*What the exercise asks*. What you should give back is a precise copy of the lines below from the one containing "Créditos de agradecimiento" through the one containing "All American Bear", with no pictures.

:: Extracted material

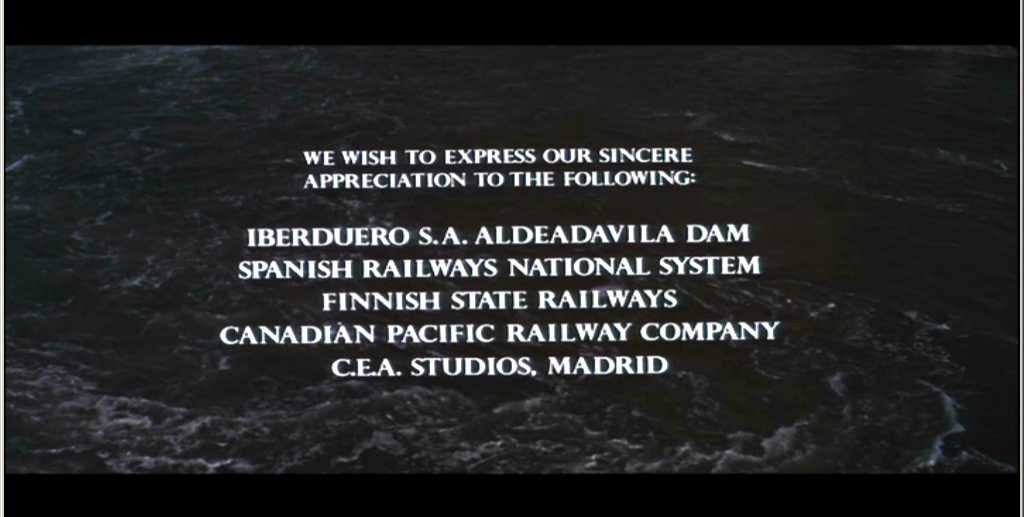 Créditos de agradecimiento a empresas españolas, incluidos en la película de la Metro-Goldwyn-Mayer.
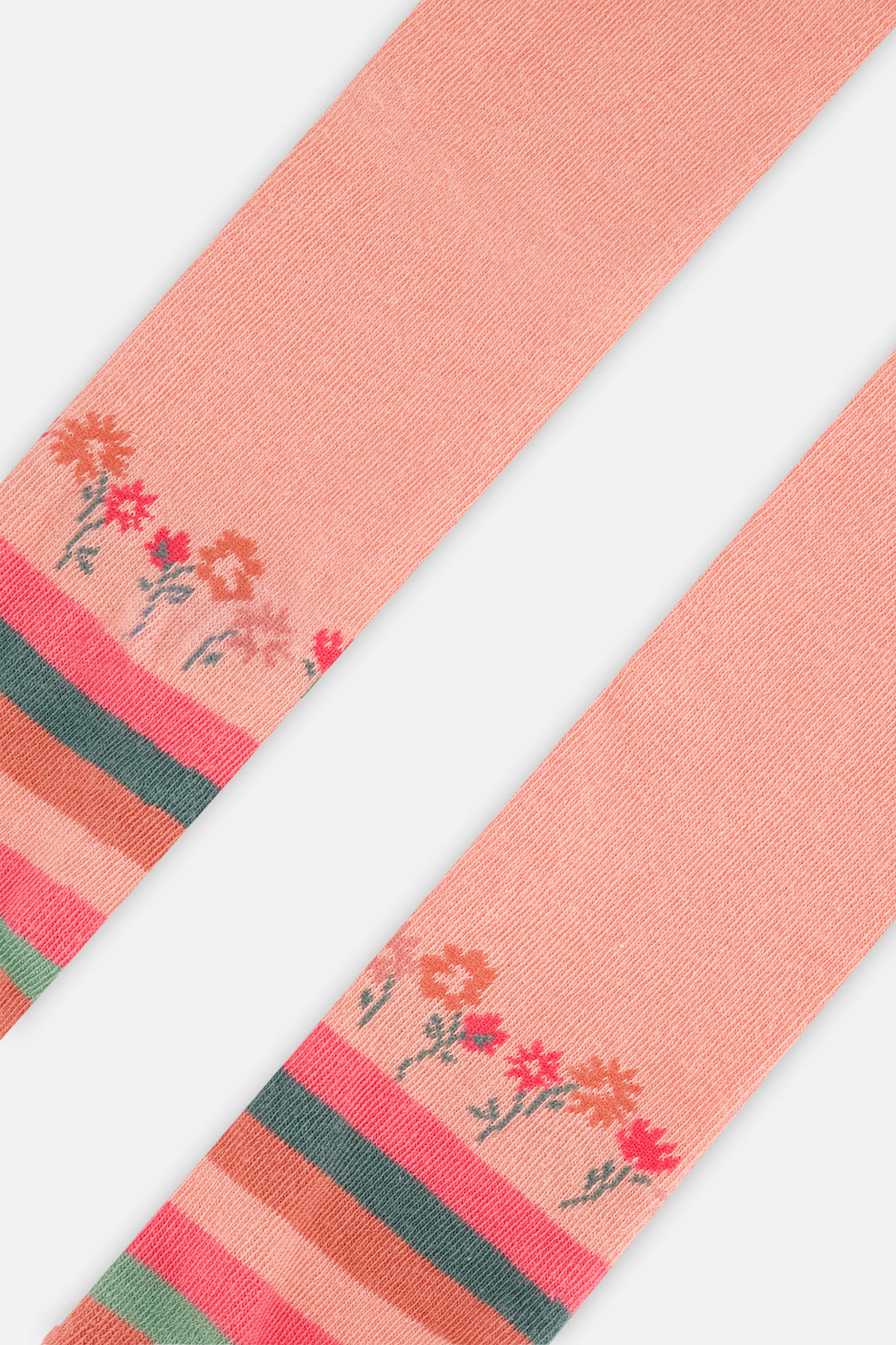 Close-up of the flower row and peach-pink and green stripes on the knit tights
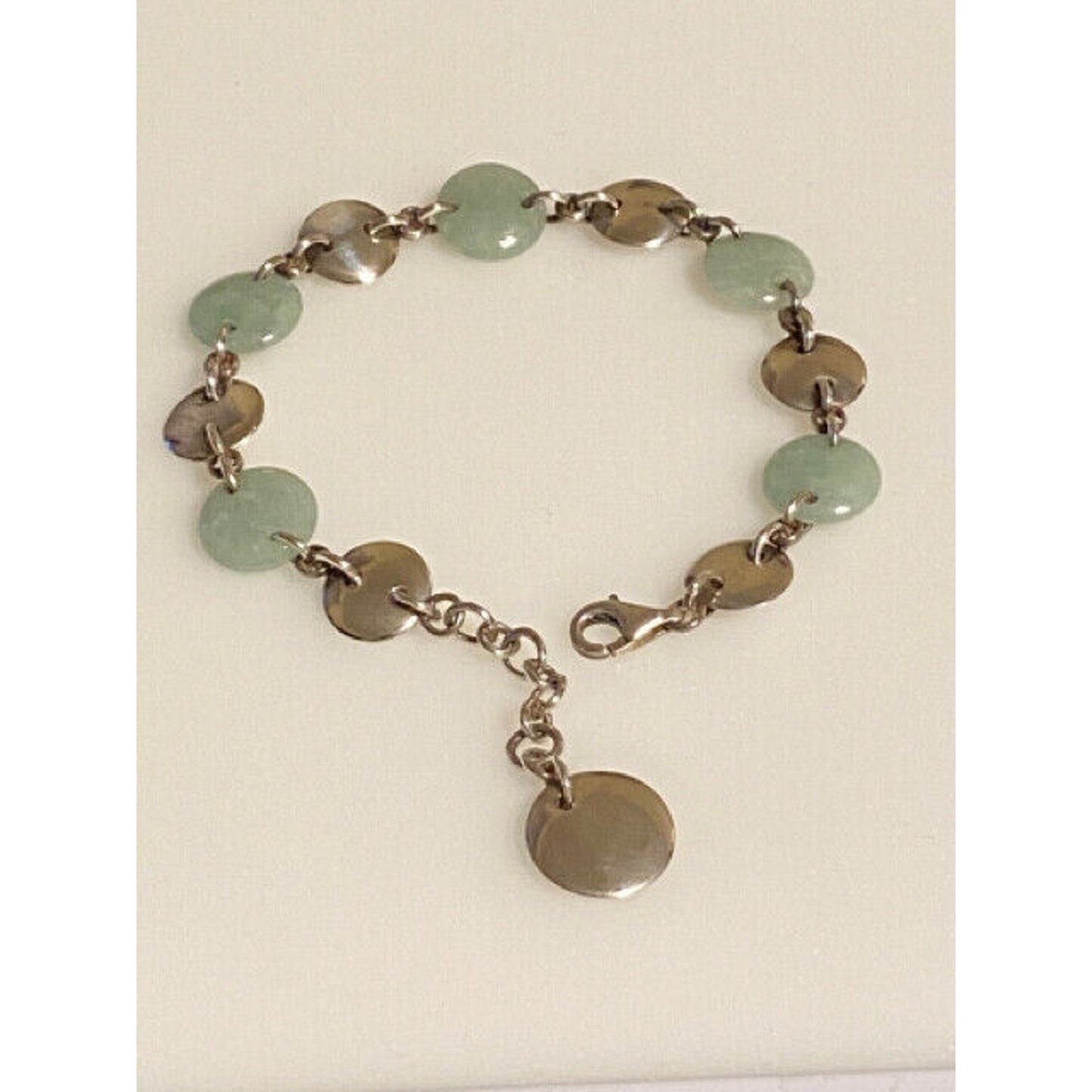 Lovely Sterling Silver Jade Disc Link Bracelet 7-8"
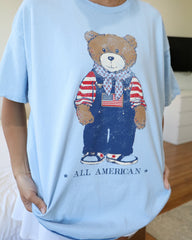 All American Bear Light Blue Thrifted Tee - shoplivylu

::::
:: Extracted material

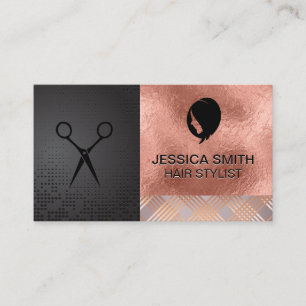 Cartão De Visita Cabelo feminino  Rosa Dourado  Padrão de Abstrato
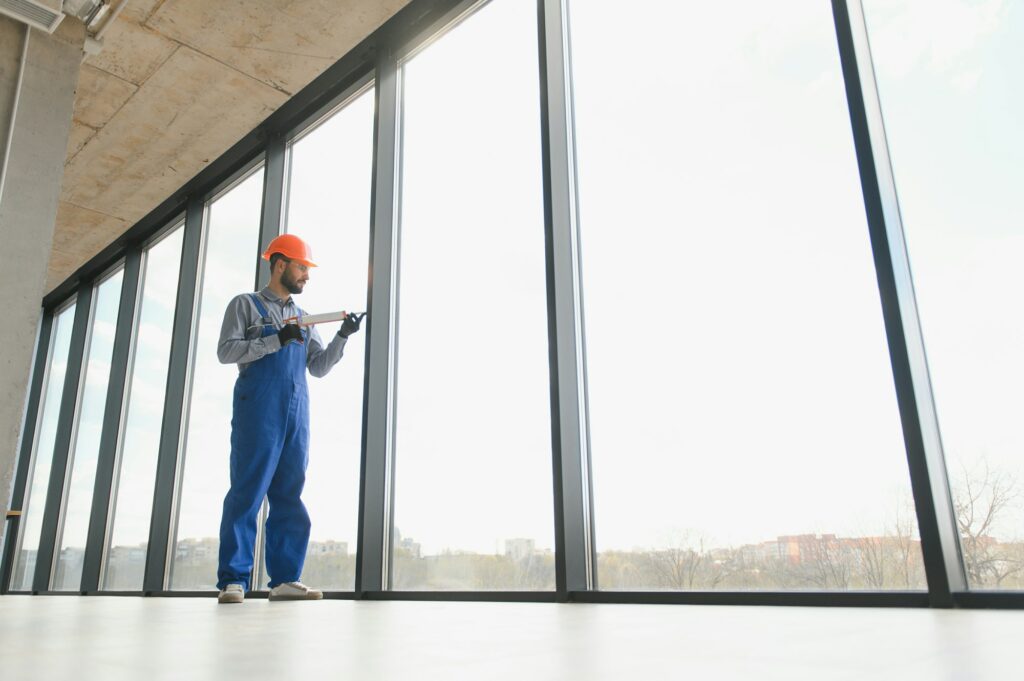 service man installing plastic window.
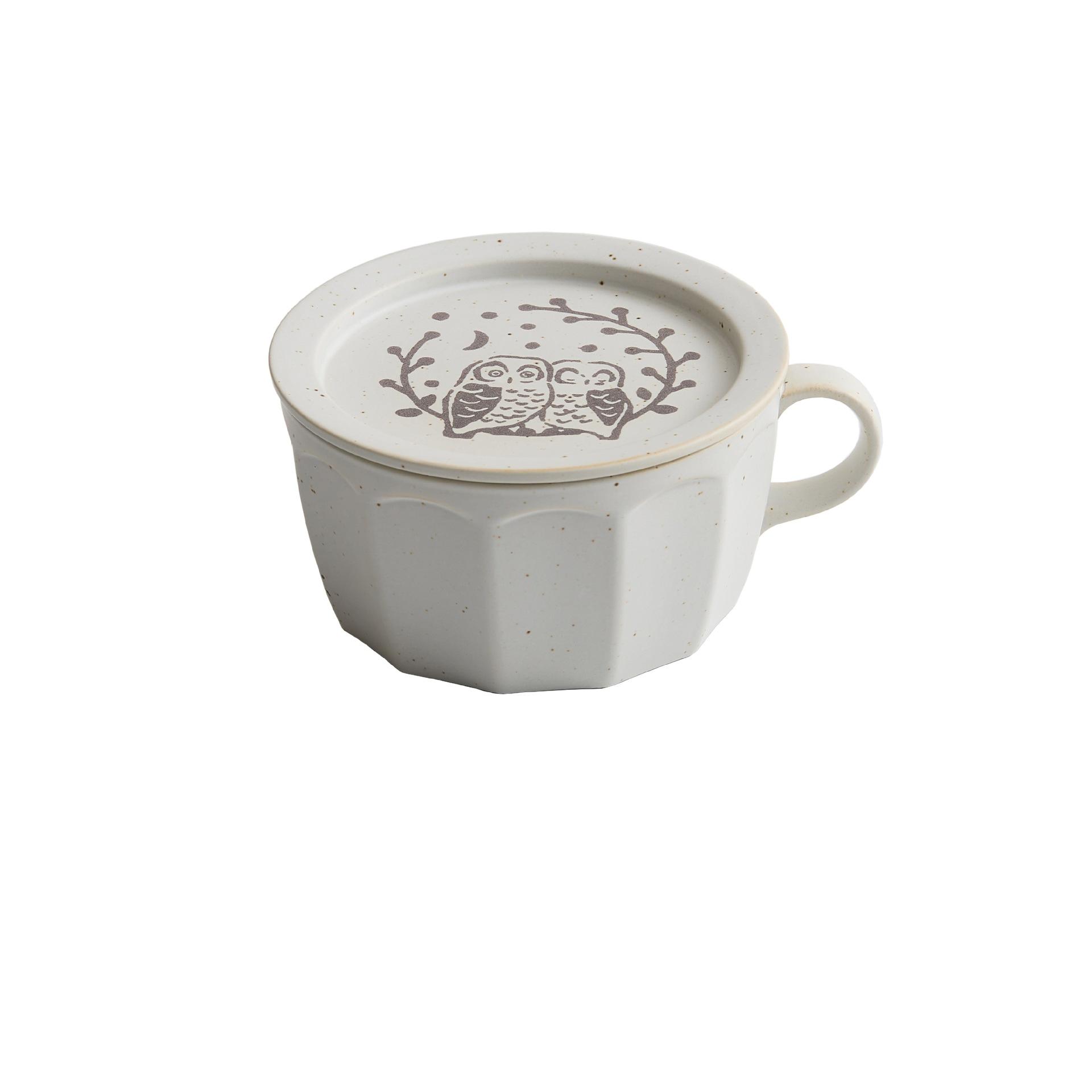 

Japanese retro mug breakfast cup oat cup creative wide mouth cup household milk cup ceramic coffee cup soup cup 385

::::

*Your response*.
 Créditos de agradecimiento a empresas españolas, incluidos en la película de la Metro-Goldwyn-Mayer.
 Close-up of the flower row and peach-pink and green stripes on the knit tights
 Lovely Sterling Silver Jade Disc Link Bracelet 7-8"
 All American Bear Light Blue Thrifted Tee - shoplivylu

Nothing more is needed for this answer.